During the N2-annealing processes at ~600°C, the ligands can transform into encapsulating carbon layers as further shown by X-ray photoelectron spectroscopy (XPS). The surface chemical composition and the fine-scanning XPS spectra of Sn3d, O1s, C1s and N1s for both the SnO2 colloidal NCs and N2-annealed sample, are detailed in the SI (Table S3 and Figure S8).
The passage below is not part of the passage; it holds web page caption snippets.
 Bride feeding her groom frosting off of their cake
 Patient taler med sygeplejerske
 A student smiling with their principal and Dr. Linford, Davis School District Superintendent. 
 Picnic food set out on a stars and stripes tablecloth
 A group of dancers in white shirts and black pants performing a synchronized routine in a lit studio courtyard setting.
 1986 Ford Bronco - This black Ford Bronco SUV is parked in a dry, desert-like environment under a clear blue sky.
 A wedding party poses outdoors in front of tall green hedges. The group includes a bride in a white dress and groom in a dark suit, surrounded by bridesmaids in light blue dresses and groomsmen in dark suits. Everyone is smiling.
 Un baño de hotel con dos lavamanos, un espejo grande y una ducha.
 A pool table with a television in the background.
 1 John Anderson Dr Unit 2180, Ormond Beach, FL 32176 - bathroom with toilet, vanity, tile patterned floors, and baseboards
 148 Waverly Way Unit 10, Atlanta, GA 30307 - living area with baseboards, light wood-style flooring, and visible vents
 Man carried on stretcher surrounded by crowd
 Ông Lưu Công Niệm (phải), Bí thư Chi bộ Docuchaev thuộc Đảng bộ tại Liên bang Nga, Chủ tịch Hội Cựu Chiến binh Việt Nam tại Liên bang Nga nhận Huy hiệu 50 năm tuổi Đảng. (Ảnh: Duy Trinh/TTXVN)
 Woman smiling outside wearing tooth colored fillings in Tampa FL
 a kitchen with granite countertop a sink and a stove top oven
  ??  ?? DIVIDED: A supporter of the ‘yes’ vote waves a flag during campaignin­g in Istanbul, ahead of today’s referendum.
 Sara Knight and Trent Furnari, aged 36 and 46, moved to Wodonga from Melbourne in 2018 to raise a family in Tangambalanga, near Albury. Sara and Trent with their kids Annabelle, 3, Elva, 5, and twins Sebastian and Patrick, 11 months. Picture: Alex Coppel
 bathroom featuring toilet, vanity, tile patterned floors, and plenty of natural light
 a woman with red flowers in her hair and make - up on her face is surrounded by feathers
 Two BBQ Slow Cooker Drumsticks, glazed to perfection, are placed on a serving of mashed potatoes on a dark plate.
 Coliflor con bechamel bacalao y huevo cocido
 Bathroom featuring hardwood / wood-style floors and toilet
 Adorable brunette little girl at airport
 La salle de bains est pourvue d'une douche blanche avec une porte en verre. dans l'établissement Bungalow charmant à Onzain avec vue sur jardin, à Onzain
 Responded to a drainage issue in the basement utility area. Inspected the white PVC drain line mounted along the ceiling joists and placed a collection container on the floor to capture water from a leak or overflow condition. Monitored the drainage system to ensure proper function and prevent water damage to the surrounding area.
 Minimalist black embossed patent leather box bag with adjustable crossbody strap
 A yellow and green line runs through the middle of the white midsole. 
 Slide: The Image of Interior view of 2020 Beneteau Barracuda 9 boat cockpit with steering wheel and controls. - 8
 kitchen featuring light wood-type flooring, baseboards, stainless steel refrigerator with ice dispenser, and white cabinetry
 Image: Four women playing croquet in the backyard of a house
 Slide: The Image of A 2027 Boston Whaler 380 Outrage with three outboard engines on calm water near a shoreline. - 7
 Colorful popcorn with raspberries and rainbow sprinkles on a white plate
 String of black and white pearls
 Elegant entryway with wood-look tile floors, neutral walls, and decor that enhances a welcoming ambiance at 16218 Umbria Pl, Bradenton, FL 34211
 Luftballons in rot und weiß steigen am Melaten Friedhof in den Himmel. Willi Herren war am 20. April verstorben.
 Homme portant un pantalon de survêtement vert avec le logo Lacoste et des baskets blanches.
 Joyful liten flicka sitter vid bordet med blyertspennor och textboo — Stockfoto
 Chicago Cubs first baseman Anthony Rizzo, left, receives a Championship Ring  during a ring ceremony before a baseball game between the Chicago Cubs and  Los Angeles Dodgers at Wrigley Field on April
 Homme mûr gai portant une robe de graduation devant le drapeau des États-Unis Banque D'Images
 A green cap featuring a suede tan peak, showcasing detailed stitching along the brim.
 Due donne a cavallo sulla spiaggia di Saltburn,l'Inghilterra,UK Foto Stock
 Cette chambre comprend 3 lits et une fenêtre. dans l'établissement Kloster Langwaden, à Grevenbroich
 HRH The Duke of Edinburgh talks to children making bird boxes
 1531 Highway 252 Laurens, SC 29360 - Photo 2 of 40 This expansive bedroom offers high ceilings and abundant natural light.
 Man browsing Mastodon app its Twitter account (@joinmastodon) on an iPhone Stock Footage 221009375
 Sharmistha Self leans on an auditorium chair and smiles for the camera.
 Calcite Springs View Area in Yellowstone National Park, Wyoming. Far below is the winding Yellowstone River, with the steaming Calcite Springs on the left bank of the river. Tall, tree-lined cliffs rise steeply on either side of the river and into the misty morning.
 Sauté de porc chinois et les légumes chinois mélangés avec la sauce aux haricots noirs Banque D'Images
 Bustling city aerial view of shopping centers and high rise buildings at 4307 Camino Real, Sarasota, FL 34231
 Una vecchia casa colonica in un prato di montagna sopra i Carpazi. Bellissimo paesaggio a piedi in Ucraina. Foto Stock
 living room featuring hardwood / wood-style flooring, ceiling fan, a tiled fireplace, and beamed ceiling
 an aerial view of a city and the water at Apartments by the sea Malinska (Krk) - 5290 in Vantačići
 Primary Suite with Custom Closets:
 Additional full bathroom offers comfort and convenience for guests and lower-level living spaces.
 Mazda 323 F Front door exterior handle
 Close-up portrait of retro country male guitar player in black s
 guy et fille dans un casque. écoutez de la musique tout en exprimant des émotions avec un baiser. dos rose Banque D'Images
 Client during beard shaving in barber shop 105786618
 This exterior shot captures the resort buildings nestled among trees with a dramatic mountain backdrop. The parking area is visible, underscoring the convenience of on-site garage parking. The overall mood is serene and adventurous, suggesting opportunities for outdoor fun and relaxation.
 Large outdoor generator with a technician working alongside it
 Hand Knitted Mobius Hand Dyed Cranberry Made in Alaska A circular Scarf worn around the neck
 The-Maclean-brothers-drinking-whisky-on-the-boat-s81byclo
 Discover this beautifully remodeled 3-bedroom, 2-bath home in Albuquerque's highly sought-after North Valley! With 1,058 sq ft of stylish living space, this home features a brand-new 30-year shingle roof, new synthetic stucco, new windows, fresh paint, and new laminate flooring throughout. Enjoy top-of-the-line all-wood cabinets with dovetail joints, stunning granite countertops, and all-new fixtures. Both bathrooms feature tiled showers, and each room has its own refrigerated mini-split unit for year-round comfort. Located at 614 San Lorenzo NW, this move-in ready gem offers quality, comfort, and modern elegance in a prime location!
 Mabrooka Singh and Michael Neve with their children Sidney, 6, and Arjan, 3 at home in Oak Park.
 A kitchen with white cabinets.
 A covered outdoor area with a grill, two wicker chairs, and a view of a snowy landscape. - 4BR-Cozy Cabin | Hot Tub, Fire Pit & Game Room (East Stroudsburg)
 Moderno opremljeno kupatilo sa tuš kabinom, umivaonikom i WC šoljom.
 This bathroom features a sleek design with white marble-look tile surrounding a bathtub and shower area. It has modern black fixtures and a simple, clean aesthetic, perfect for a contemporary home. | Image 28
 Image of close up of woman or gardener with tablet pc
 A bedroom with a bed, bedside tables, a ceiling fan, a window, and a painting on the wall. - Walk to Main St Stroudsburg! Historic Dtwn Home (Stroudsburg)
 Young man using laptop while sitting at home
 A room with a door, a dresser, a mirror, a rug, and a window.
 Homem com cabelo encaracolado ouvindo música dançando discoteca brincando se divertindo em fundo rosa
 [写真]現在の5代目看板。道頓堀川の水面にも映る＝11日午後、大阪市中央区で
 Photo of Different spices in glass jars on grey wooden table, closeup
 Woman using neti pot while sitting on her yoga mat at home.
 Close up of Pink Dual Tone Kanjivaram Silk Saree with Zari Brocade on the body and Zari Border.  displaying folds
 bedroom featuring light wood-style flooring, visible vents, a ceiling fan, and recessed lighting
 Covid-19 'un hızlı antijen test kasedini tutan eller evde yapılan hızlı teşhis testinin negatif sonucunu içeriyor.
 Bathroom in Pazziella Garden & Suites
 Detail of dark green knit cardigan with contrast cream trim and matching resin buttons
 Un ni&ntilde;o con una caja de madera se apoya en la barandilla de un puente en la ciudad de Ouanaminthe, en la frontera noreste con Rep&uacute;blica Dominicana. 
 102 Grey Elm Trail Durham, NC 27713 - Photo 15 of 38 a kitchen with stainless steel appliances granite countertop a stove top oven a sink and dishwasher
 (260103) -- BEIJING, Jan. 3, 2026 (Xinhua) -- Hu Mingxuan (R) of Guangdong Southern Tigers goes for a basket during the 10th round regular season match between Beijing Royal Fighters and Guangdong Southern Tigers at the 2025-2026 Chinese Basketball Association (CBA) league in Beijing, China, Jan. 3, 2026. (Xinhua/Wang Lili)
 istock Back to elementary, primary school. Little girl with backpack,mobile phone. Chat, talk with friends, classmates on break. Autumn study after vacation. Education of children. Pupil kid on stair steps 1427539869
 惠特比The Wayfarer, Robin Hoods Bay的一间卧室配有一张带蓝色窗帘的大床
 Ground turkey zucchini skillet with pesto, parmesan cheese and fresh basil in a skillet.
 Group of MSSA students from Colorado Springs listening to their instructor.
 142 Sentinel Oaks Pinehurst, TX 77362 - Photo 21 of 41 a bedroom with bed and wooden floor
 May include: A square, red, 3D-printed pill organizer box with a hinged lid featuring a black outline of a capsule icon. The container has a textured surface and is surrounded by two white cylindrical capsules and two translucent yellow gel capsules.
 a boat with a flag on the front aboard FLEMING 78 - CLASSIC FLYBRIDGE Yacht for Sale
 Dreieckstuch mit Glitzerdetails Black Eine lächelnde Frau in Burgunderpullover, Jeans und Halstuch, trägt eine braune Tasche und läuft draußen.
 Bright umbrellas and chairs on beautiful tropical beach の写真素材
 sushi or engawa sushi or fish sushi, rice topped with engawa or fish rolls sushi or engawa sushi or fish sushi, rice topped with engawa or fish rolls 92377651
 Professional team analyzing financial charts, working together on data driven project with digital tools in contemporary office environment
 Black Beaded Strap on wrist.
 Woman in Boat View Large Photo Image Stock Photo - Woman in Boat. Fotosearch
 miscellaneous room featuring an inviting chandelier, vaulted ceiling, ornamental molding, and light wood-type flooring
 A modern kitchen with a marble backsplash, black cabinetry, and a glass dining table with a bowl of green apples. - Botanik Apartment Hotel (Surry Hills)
It was found that the peaks of Sn(IV) at 487.3 (Sn 3d3/2) and 495.9 eV (Sn 3d5/2) in the as-synthesized colloidal SnO2 NCs shift to 486.9 and 495.2 eV after N2-annealing, which reveals that a lower valence Sn species such as Sn(II) (3d5/2, 487.0 eV) or Sn(0) (3d5/2, 485.0 eV) was detected after decomposing the photoemission bands of Sn3d (see the deconvoluted peaks in Figure S8d of the SI)6. Also the O1s XPS spectra manifest that the surface is deficient in O with respect to the stoichiometry of SnO2. In the spectra of C1s, it is found that not only C1 (284.3 eV) and C2 (285.3 eV) peaks ascribed to C-C sp2 bonds in graphite and C-C sp3 diamond-like bonds are present in the amorphous carbon, but also an independent peak located at 289.5 eV is observed, which suggests the presence of C-Nx on the surface35. The N1s peak was also found in the survey scanning profile although it is quite weak (Figure S8f, SI). This suggests that carbon thermal reactions take place in the N2 annealing process, during which amorphous carbon and nitrogen residues are produced34. Although the relative carbon percentage in the annealed sample is lower than that of the as-synthesized colloidal NCs, there is still ~20% atomic percentage (Table S3). It is worth mentioning that the detected carbon content (19.24% at. or 5.0% wt.) is lower than that obtained from TG analysis (~30% wt.). This difference could be due to the micro-area of detection used by XPS where arbitrary errors can occur36. However both results demonstrate a high percentage of carbon content in the N2-annealled sample, due to the existence of densely packed capping ligands on the as-synthesized colloidal SnO2 NCs.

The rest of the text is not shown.